Saturday 18 July 2015

Stimulated economy, Sluggish investments | CII’s Investment Tracker

Comprehensive set of measures to restore investor sentiments:

  • ranging across the tax regime, 
  • ease of doing business, 
  • Foreign Direct Investment limits, and 
  • administrative and environmental clearances. 
  • A number of large-scale initiatives have been introduced to act as magnets for investments, including 
    • Make in India, 
    • the Smart City mission, and 
    • Clean Energy. 
  • Interest rates, too, are on the downtrend with strong expectations of further rate cuts, and 
  • the macroeconomic environment has turned benign, despite moderation in global growth and trade.
According to CII’s Investment Tracker for May 2015, business confidence stands at the highest levels in the last three years, buoyed by proactive reforms and positive macroeconomic scenario.
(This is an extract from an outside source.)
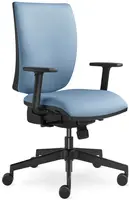 LD SEATING Kancelářská židle LYRA 207-SY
There has been visibly strong improvement in the project pipeline
FDI also went up.

But investments are still low:
  • While intentions to invest are strong, investors are still facing challenges while implementing projects.
  • There are several reasons for slow investment pick-up: 
    • Before the global financial crisis, companies had built up high production capacities in anticipation of continued demand. 
      • However, demand remains muted in the country following three years of high inflation. 
    • Additionally, delays in land acquisition and environmental clearances have led to a bloated pipeline of stranded and delayed projects. 
    • In turn, this has resulted in stressed bank assets so that banks are inhibited from undertaking additional loan burden for new projects.
    • The high interest rates have been a big deterrent to new investments as projects are rendered unviable. 
    • Low profitability of corporates also reduces available resources. 
    • The elevated level of stalled projects has meant subdued demand down the value chain
    • A still-vulnerable global economic environment has not contributed to the overall investment scenario in India, especially as exports are contracting.
  • The 4 R’s — Regulation, Risk Allocation, Renegotiation and Resourcing — need to be addressed to revive projects
  • Dispute resolution:  Given that 101 projects worth Rs. 25,399 crore are stuck in disputes with the National Highways Authority of India, a stronger dispute resolution mechanism in the infrastructure sector would help unblock funds.
  • Clearances: 
    • On ease of doing business, there is need to shift from a sequential to a simultaneous approval system. 
    • Low-risk industries may be exempted from certain clearances
    • Provision of utilities to new factories should be streamlined. 
    • Certain rules and sections of the new Companies Act impose additional burdens and need to be reviewed carefully. 
    • The NITI Aayog could be designated as the coordination centre for central ministries and States on administrative procedures.
  • Infrastructure projects require continued attention and Prime Minister Narendra Modi’s monthly interaction under Pragati would help speed up infrastructure construction. 
  • Budget funds allocated for infrastructure need to be speedily implemented, including for programmes such as Smart Cities and Digital India.
  • Reduce interest rates
  • A National Asset Management Company may be considered to take non-performing assets off banks’ balance sheets, which would unlock lending for investments. 
  • The financial sector should shift from a bank-dominated system to a diversified regime with multiple financing options, particularly for long-term funding.
  • Special attention is required for credit access for small and medium enterprises (SMEs), and 15 per cent of priority sector lending should be earmarked for SMEs. 
    • Ease of doing business needs to be tackled for SMEs through single windows, self-certifications and e-governance.
    • MUDRA scheme implemented properly
  • Manufacturing: Regarding manufacturing, certain focus industries in labour-intensive and advanced sectors should be championed, including automotives, defence, and textiles.
    • In particular, incentives for Research and Development and Information, Communication Technology and Electronics manufacturing would help reduce imports. 
    • A ‘Make in India Technology Venture’ can be set up as a special purpose vehicle under public-private partnership to invest Rs 1 lakh crore in building a knowledge economy
    • The Digital India vision requires simplification of procurement process and a joint government-industry task force to address challenges. 
    • Start-ups should be supported through a suitable scheme.
    • The government has taken many positive steps for a progressive tax policy
    • Dispute resolution mechanisms, arbitration and conciliation can further help in efficient and time-bound clearance of funds in dispute.